WORK TASK →
Each line of the material beneath should be duplicated exactly.

• • • •

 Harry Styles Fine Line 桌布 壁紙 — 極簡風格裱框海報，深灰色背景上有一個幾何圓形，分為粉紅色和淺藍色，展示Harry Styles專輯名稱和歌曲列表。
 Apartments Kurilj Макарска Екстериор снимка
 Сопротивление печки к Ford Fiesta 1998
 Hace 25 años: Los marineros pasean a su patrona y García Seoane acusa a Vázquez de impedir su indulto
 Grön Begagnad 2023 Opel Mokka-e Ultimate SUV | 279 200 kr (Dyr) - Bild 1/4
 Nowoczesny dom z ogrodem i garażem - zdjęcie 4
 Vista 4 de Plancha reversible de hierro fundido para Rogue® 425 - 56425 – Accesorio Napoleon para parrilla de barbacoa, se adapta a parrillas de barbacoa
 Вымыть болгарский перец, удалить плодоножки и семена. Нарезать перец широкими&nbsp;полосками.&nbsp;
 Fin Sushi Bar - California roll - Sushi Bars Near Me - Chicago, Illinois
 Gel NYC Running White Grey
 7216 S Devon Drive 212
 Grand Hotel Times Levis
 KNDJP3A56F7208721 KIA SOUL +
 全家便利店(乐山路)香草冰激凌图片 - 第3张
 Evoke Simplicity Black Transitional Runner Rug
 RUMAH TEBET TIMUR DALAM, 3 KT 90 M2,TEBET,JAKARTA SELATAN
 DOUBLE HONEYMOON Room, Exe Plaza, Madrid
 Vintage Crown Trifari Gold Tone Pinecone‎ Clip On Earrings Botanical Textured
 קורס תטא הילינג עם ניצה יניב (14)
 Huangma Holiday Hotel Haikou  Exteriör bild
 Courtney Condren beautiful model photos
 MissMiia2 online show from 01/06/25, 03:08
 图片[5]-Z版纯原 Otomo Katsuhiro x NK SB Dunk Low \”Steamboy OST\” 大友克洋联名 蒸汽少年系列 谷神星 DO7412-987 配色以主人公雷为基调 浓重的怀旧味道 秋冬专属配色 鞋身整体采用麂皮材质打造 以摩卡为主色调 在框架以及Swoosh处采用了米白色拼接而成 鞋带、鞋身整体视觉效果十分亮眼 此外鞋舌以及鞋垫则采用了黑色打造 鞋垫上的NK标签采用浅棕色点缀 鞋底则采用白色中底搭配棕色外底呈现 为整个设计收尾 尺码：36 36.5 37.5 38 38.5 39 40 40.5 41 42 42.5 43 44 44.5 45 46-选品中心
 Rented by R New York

• • • •

TASK ANSWER →
 Harry Styles Fine Line 桌布 壁紙 — 極簡風格裱框海報，深灰色背景上有一個幾何圓形，分為粉紅色和淺藍色，展示Harry Styles專輯名稱和歌曲列表。
 Apartments Kurilj Макарска Екстериор снимка
 Сопротивление печки к Ford Fiesta 1998
 Hace 25 años: Los marineros pasean a su patrona y García Seoane acusa a Vázquez de impedir su indulto
 Grön Begagnad 2023 Opel Mokka-e Ultimate SUV | 279 200 kr (Dyr) - Bild 1/4
 Nowoczesny dom z ogrodem i garażem - zdjęcie 4
 Vista 4 de Plancha reversible de hierro fundido para Rogue® 425 - 56425 – Accesorio Napoleon para parrilla de barbacoa, se adapta a parrillas de barbacoa
 Вымыть болгарский перец, удалить плодоножки и семена. Нарезать перец широкими&nbsp;полосками.&nbsp;
 Fin Sushi Bar - California roll - Sushi Bars Near Me - Chicago, Illinois
 Gel NYC Running White Grey
 7216 S Devon Drive 212
 Grand Hotel Times Levis
 KNDJP3A56F7208721 KIA SOUL +
 全家便利店(乐山路)香草冰激凌图片 - 第3张
 Evoke Simplicity Black Transitional Runner Rug
 RUMAH TEBET TIMUR DALAM, 3 KT 90 M2,TEBET,JAKARTA SELATAN
 DOUBLE HONEYMOON Room, Exe Plaza, Madrid
 Vintage Crown Trifari Gold Tone Pinecone‎ Clip On Earrings Botanical Textured
 קורס תטא הילינג עם ניצה יניב (14)
 Huangma Holiday Hotel Haikou  Exteriör bild
 Courtney Condren beautiful model photos
 MissMiia2 online show from 01/06/25, 03:08
 图片[5]-Z版纯原 Otomo Katsuhiro x NK SB Dunk Low \”Steamboy OST\” 大友克洋联名 蒸汽少年系列 谷神星 DO7412-987 配色以主人公雷为基调 浓重的怀旧味道 秋冬专属配色 鞋身整体采用麂皮材质打造 以摩卡为主色调 在框架以及Swoosh处采用了米白色拼接而成 鞋带、鞋身整体视觉效果十分亮眼 此外鞋舌以及鞋垫则采用了黑色打造 鞋垫上的NK标签采用浅棕色点缀 鞋底则采用白色中底搭配棕色外底呈现 为整个设计收尾 尺码：36 36.5 37.5 38 38.5 39 40 40.5 41 42 42.5 43 44 44.5 45 46-选品中心
 Rented by R New York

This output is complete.